Hamas, the militant Palestinian group that controls Gaza, is engaged in the largest military buildup in its history with help from Iran and Syria, and is stocking its arsenal with missiles that can reach far into Israel, a new study reveals.
The study by an independent research group with close ties to the Israeli military “is the first comprehensive analysis of the Hamas buildup,” Reuven Erlich, head of Israel’s Intelligence and Terrorism Information Center — which produced the study — told the New York Times.
“It is based on a wide range of sources. And what is very clear is that Hamas, like Hezbollah in Lebanon, is aiming to use rocket fire to draw the Israeli military in.”

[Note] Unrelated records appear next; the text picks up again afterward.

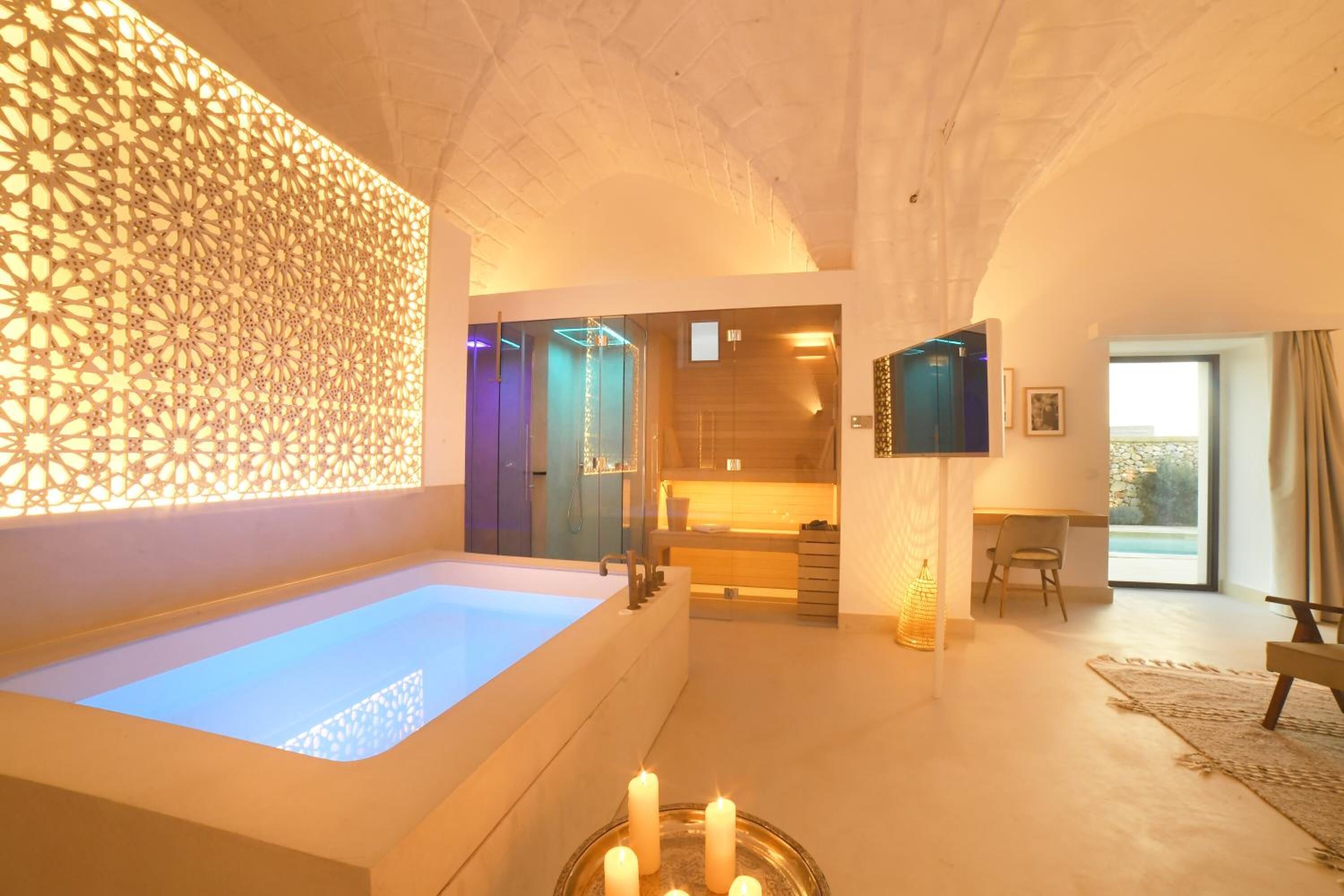 A modern bathroom with a large bathtub, a decorative wall, and a glass shower enclosure.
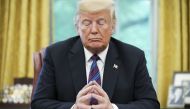 US President Donald Trump listens during a phone conversation with Mexico's President Enrique Pena Nieto on trade in the Oval Office of the White House in Washington on August 27, 2018.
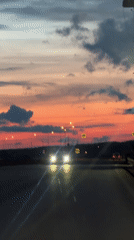Dashboard cameras capture sunset highway drive across bridges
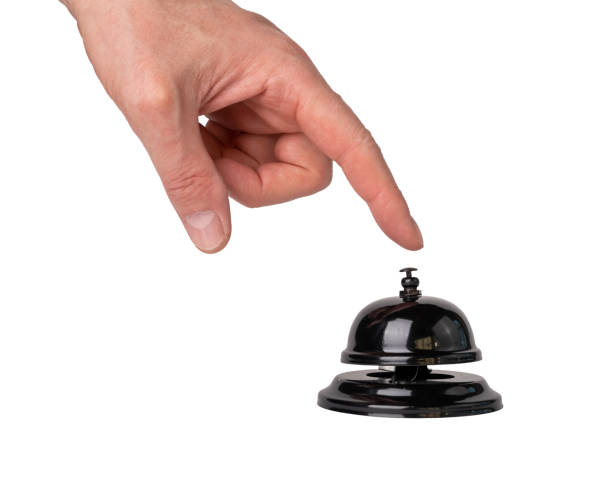istock Man hand pressing call bell button isolated on white background. Ring for assistance in hotel, store, cafe, restaurant 1391849152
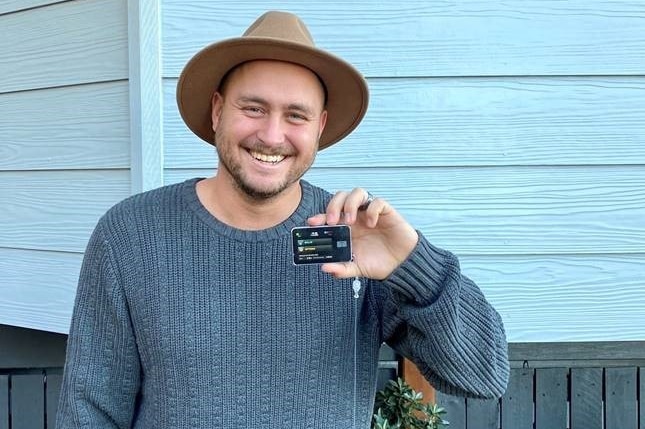 Man in a hat holding up a pumping unit to help control blood sugar levels.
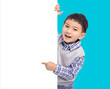 Happy Asian boy  holding and pointing white  empty banner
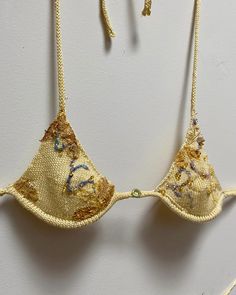 Ready for GRACE GUI SS24? Bikini set knit with 100% botanically dyed silk yarn, embroidered with wild foraged silk cocoons, beaded with 100% sea glass, felted with 100% tussah silk, topped off with removable underwire for support, and a sweet 100% genuine Jade pendant in the middle. #GRACEGUISS24 #BotanicalSilk #EmbroideredBikini #WildForagedCocoons #SeaGlassBeaded #TussahSilk #nycfashion#EcoFashion #SustainableStyle #JadePendant #HandcraftedSwimwear #HandmadeSwimwear#naturaldyes #nyc Knitted Swimsuit Bikinis, Beaded Swimsuit, Beaded Clothes, Handmade Bikinis, Cowboy Aesthetic, Designer Bikinis, Ibiza Outfits, Textiles Projects, Swimsuit Brands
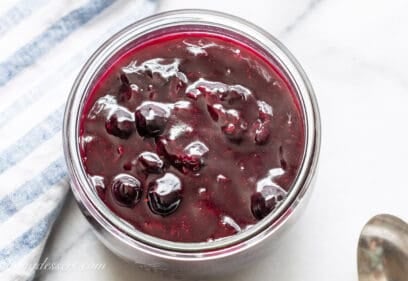 an overhead shot of a jar filled with homemade blueberry sauce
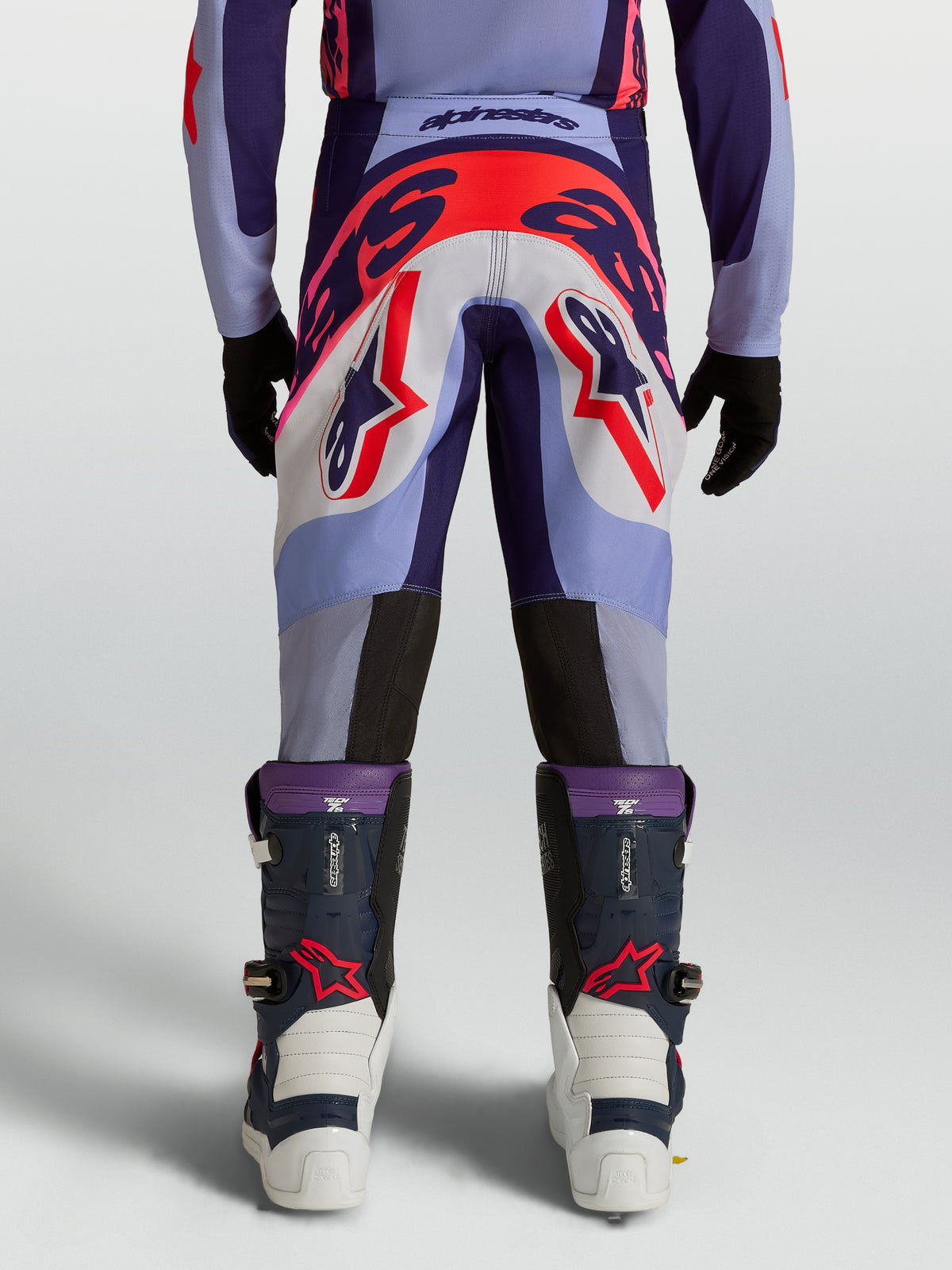 Pantalon Alpinestars Supertech Dyna Junior, pantalon de motocross violet et rose fluo, coupe athlétique, vue de dos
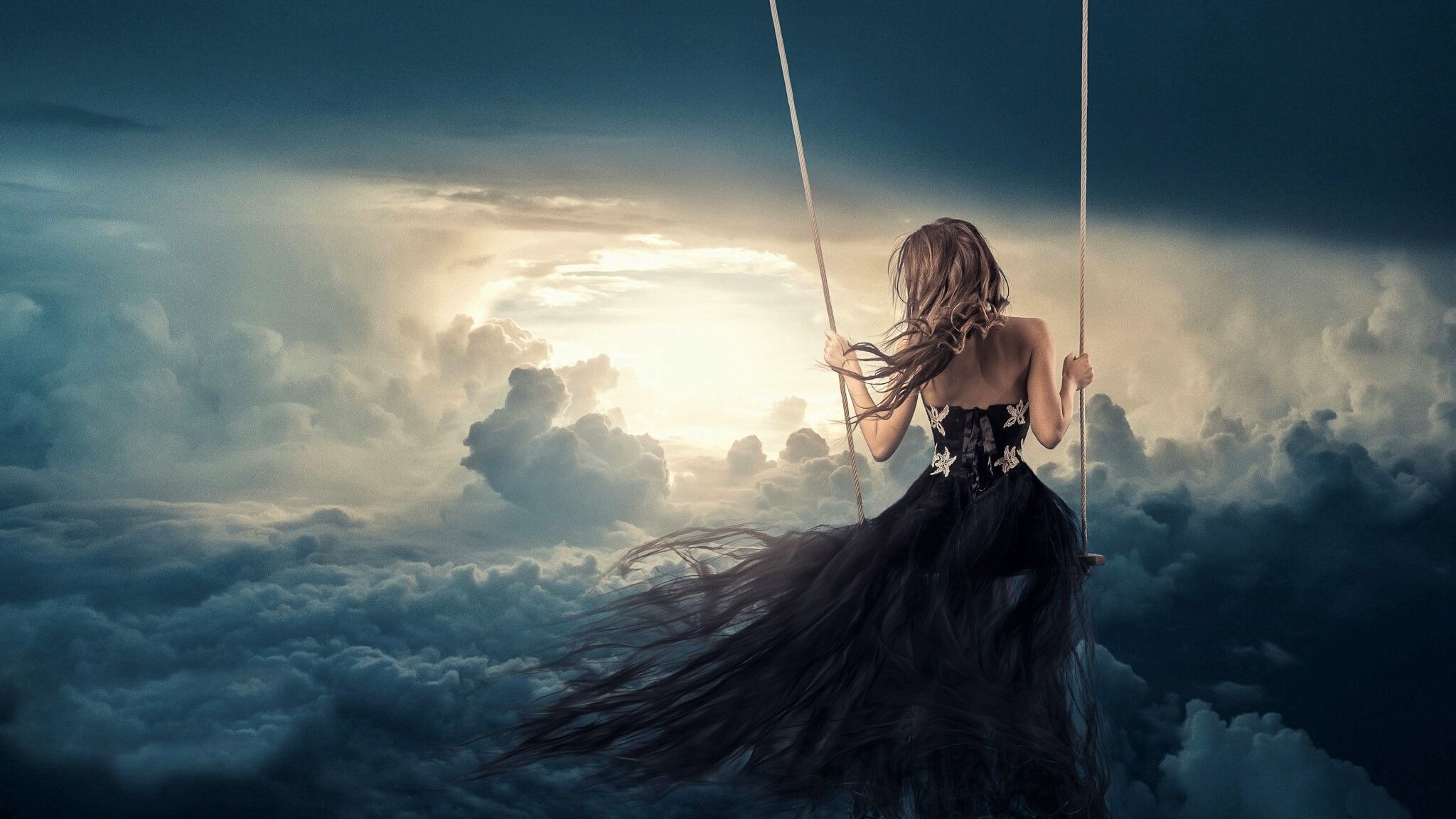 2048x1152 Swinging Above the Clouds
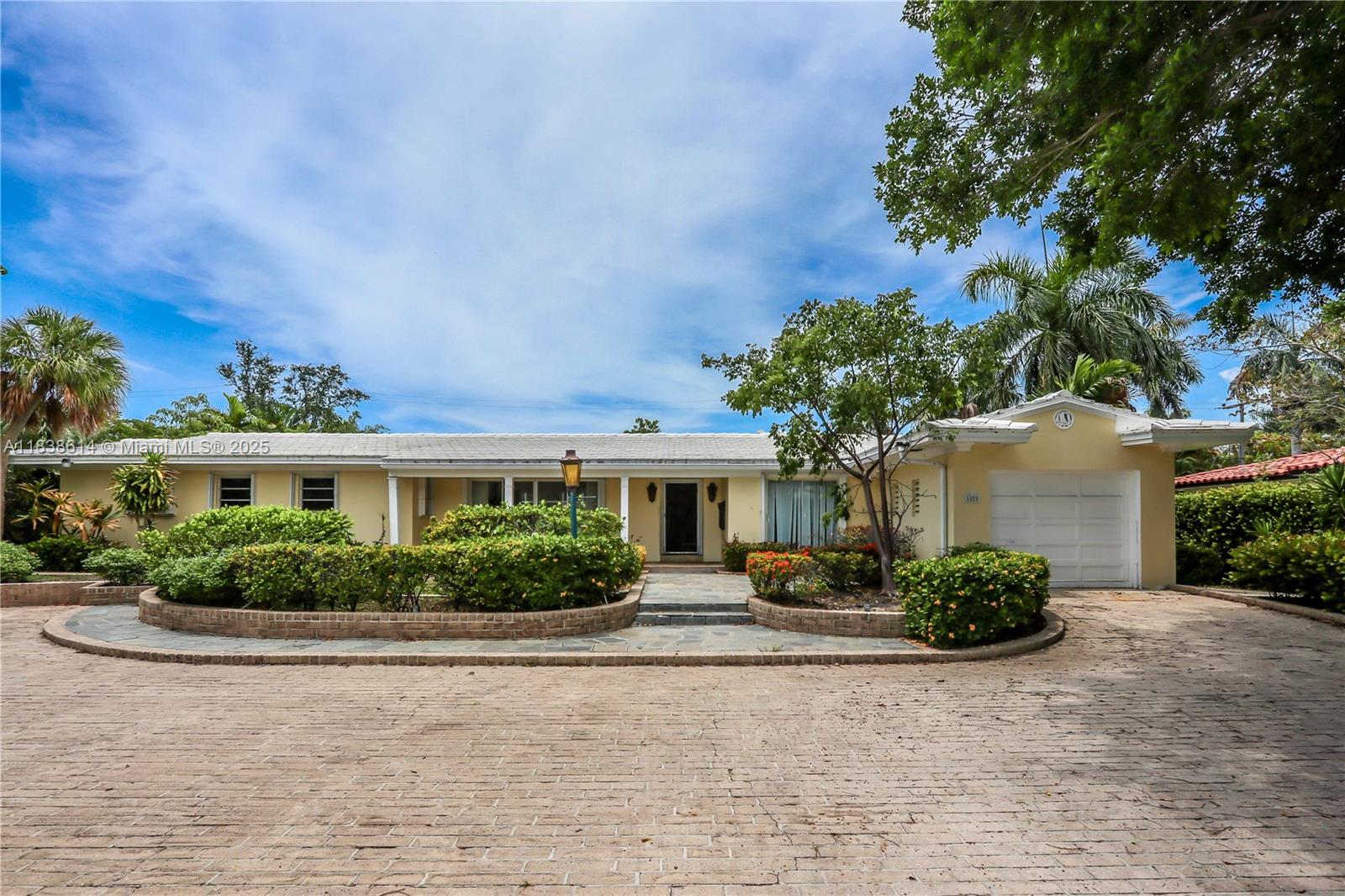 Incredible Opportunity! Hollywood Lakes home on a rare 112 x 138 double lot (over 15,000 sq ft)! Over 3,200 sq ft, this bright & spacious home offers 4 beds, 4 full baths, and a 1-car garage. Enjoy the oversized primary suite (800 sq ft) with a luxurious marble bathroom w/ a separate large walk-in shower, built-in sunken tub, double sinks, and 2 large walk-in closets. Eat-in kitchen includes a gas cooktop, double oven, breakfast nook, & plenty of natural light. Entertain effortlessly with a large pool, BBQ area, and spacious front driveway ( 9 cars) with Chicago brick and slate. Extra highlights include a split floor plan, two-zone A/C, tile roof, accordion shutters, and central vacuum. High elevation – never flooded. All this just 1.5 blocks from South Lake and close to the Intracoastal.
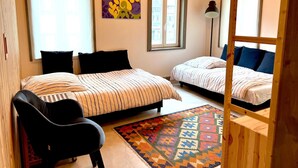 Un dormitorio con dos camas, una silla, un tapete y obras de arte en la pared.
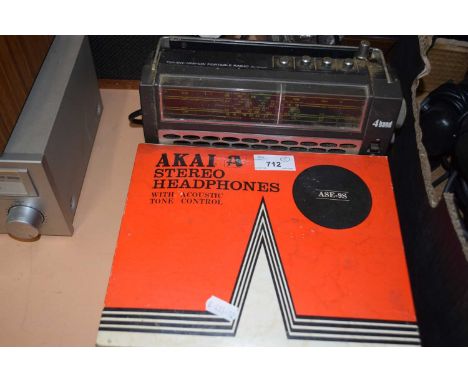 An Akai headphones box containing various leads  together with an Hitachi radio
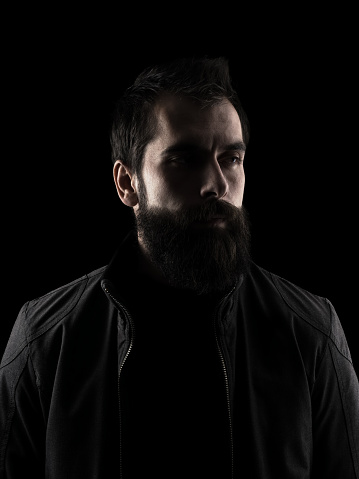 Desaturated serious bearded hipster looking away. High contrast low key dark shadow portrait isolated over black background.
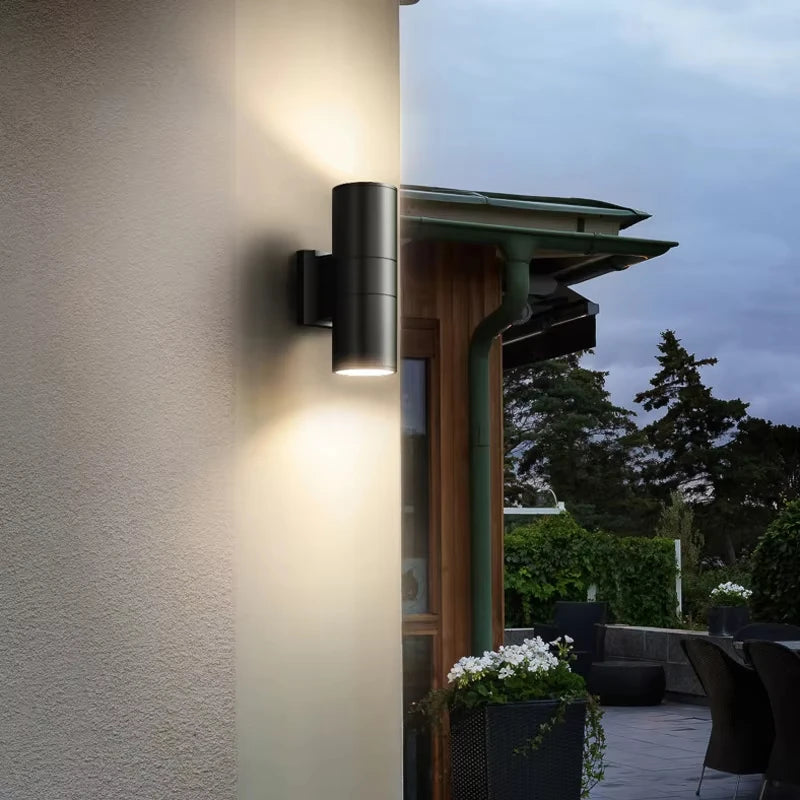 Close-up of aluminum outdoor wall lamp showing sand black textured finish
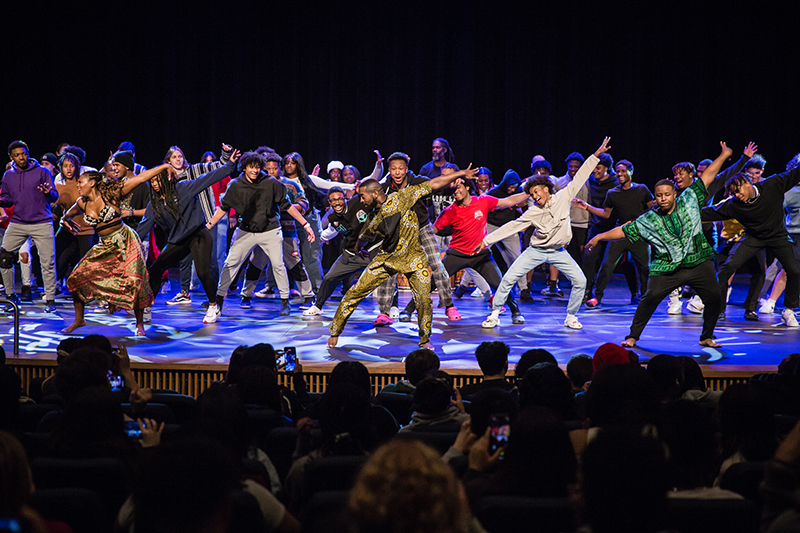 students dancing in unison onstage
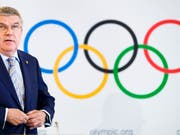 Das IOC (links im Bild Präsident Thomas Bach) wird vorderhand keine Bewerbung aus Italien für Winterspiele erhalten (Bild: KEYSTONE/VALENTIN FLAURAUD)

Hamas has smuggled at least 80 tons of explosives into Gaza since last summer, accounting for more than half the amount moved there since Israel’s withdrawal in the summer of 2005 — which is evidence of the pace of the buildup, the study points out.
Hamas now has advanced anti-tank weapons like those used by Hezbollah against Israel in 2006, and powerful roadside bombs that can be placed in areas where Israeli vehicles are likely to pass in pursuit of rocket launchers.
The study discloses that Hamas has factory-produced rockets, probably made in Iran, than can reach major Israeli population centers in the south, including Ashkelon.
The 52-page study, released Thursday and obtained by the Times, also states that Hamas has about 20,000 men it can mobilize under arms — many of them trained in Iran, Lebanon and Syria — and that the motivation for the buildup is Hamas’ fear that Israel will again invade Gaza.
A senior Hamas leader in Gaza, Khalil al-Hayya, called the study’s findings “an exaggeration, a clear step aiming to scare the region by selling an image of Gaza as a military place.”